Je flotte dans cet espace et je comprends malgré moi la conversation de mes voisins. Il pleut depuis ce matin, depuis hier, depuis toujours dirait-on tant il pleut. Il pleut. J’entends la conversation de mes voisins et je la comprends. Je comprends les phrases. D’un point de vue chirurgical, je comprends leurs phrases. La buée s’accumule sur les vitres du rer. Et le bandeau d’information défile. Je comprends les phrases de mes voisins. Mais je comprends l’espace autre qui s’ouvre aussi. Je comprends l’ordre au-dessus ; que chaque phrase met du sens à l’histoire, au monde au lieu, à chacun. Mais ce n’est pas ça qui est beau à voir. Ce n’est pas ça qui est beau à sentir. C’est l’ordre au-dessus, l’ordre au-dessus qui coule comme le ruisseau coule. C’est ce néant qui est si délicat à sentir, à humer. C’est beau à sentir, à vivre. À ressentir, à respirer. Et mes petits mots qui font des cailloux là-dedans. Et mes phrases qui font comme des algues accrochées à l’instant. C’est beau à sentir, avant de replonger comme la grenouille dans son reflet.

18.03.2024

Les signes ne disent rien.
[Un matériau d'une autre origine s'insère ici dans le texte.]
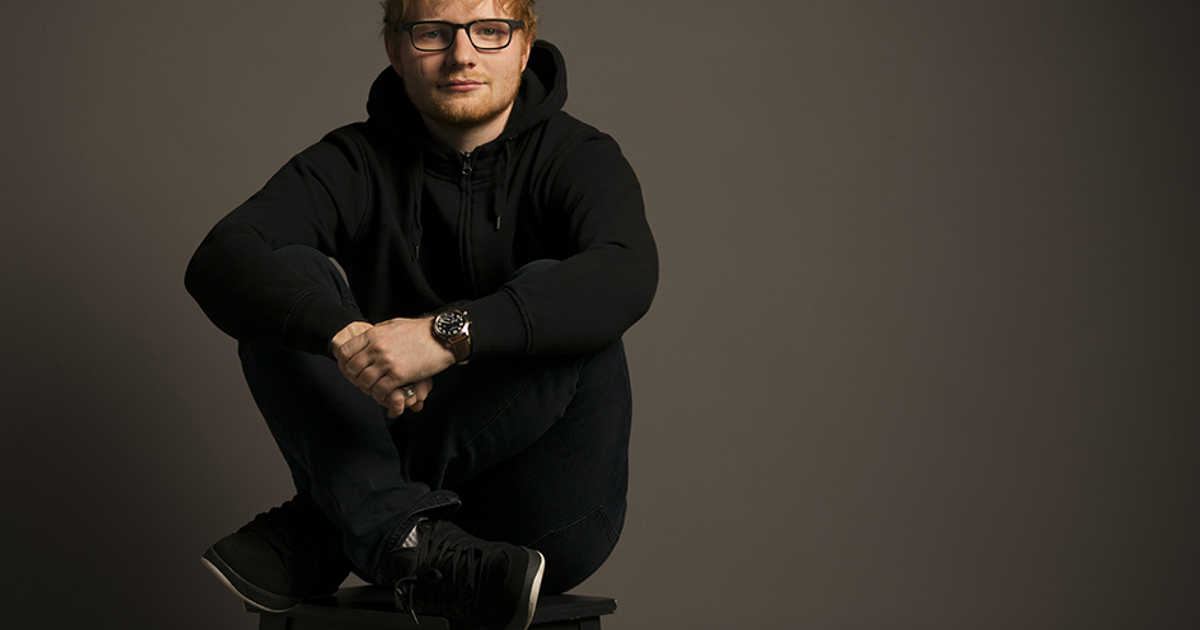 Ed Sheeran entra nella storia con “SHAPE OF YOU”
Et pourtant ils se montrent.
Deux trois suffisent pour voir un nuage
Et dans le nuage quelques perturbations à venir.
Comme cette femme qui dans le métro renverse devant moi au moment de se lever le contenu de son sac, et que les capsules de café se mettent à rouler sous nos pieds comme un jet de cauris.
Qu’annonce l’hyménoptère sur la vitre du train ? Rien, lui peut-être.
Malgré tout, il y a ici dans cette rame presque vide un horizon sensible d’océan par lequel je respire
Puis, une femme sur le côté, puis une femme de dos.
La femme est un mystère délicat qui vaut bien quelques nuages.

 

12.03.2024

Ce matin, en allant au travail, enfin de mon bureau au bâtiment principal de la mairie, il y avait dans la rue qui monte, que j’étais en train de descendre, un magnolia en fleurs. Ce magnolia, posté en limite de propriété, était une variété peu commune à mes yeux: d’un galbe dense, comme une main ouverte, en partie ouverte vers le ciel, avec des fleurs plus nombreuses sur ses branches, dont la forme épousait celle de cette main tendue vers le ciel, et d’une couleur tirant sur un violet plus dense que le violet. Et, près de lui, non loin de lui, des gouttes, d’eau, accrochées à une branche, à des branches, d’un cerisier, qui lui n’avait à cet instant que ces gouttes, d’eau, suspendues à ses branches pour rivaliser. Je me suis dit que j’avais de la chance de passer demain encore dans cette rue, pour être surpris de ce qui allait arriver.

16.03.2024

Que reste-t-il après le poète ?
Il reste un magnolia étoilé fleuri 
Une paire de jonquilles quelques minutes après,
La vinca minor rampante, discrète en pied de pavés
Le chant métallique de la mésange par delà les branches du bouleau
Et l’insatiable merle à la pointe, aux pointes du jour.
Il reste l’homme ;
Et celui que le regard tend vers ces choses
Malgré.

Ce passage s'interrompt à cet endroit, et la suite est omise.